La idea la angustiaba hasta límites que no creía posible soportar.

—Tiene que contarle todo esto a la policía —dijo Carla—. Mi hermano está acusado de abusar de una menor. Tienen que retirar los cargos contra él.

—No se preocupe. Es lo que pretendía hacer. Antes quería hablar con usted y explicárselo todo. Siento mucho lo que ha pasado. Ese individuo es muy peligroso. Ha sido una irresponsabilidad querer encontrarlo por nuestra cuenta. Espero que la policía acabe dando con él.

—¿Y si nunca lo encuentran? —Carla respiró hondo. Negó con la cabeza. La ira anegaba hasta el último átomo de su ser—. Yo no voy a dejar esto así. Voy a descubrir a ese hijo de puta de una vez por todas —dijo con voz dura. Se sentía como una olla a presión a punto de estallar.

Héctor alzó las cejas y se echó hacia atrás en la silla.

—Creo que debería pensar lo que dice. Lo mejor es que dejemos que la policía se ocupe. Tiene que darse cuenta de que no estamos hablando de un vulgar acosador de menores. Ese individuo es un psicópata muy peligroso. Muy inteligente. No tuvo dificultad en manipular la situación para deshacerse de su hermano y ni siquiera sabía quién era. ¿Se da cuenta? La astucia de ese individuo no tiene límites.
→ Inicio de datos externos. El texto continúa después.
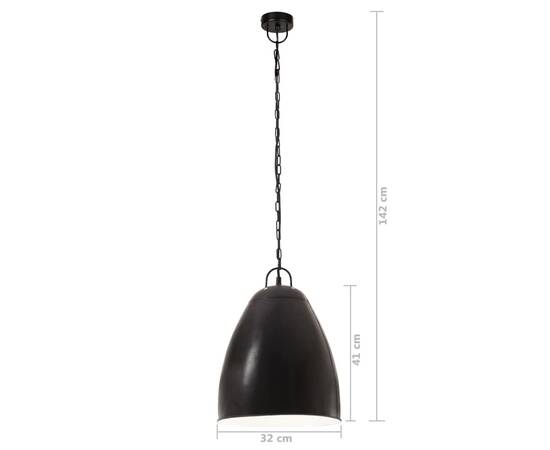 Lampă suspendată industrială, negru, 32 cm, e27, rotund, 25 w, 9 image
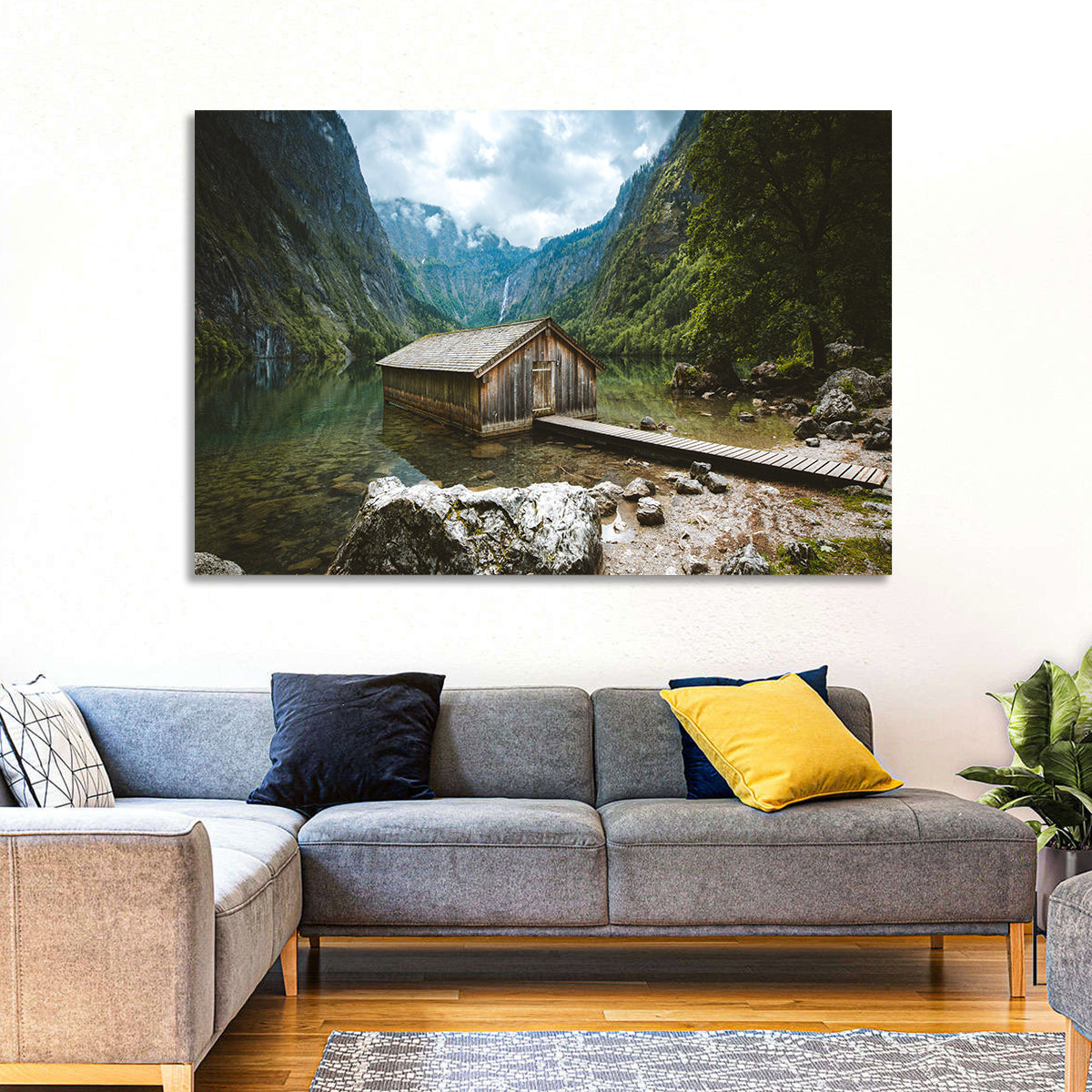 Cabin on Lake Obersee Wall Art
—¿Inteligente? Entonces vamos a medir nuestras inteligencias. —Los ojos de Carla brillaron enfebrecidos. Apretó los puños con fuerza y respiró profundamente. Podía sentir la presión que las plantas de sus pies ejercían sobre el suelo—. Va a pagar por todo lo que ha hecho. —Los ojos se le empañaron—. Lo encontraré. Se lo juro. Aunque sea lo último que haga en mi vida.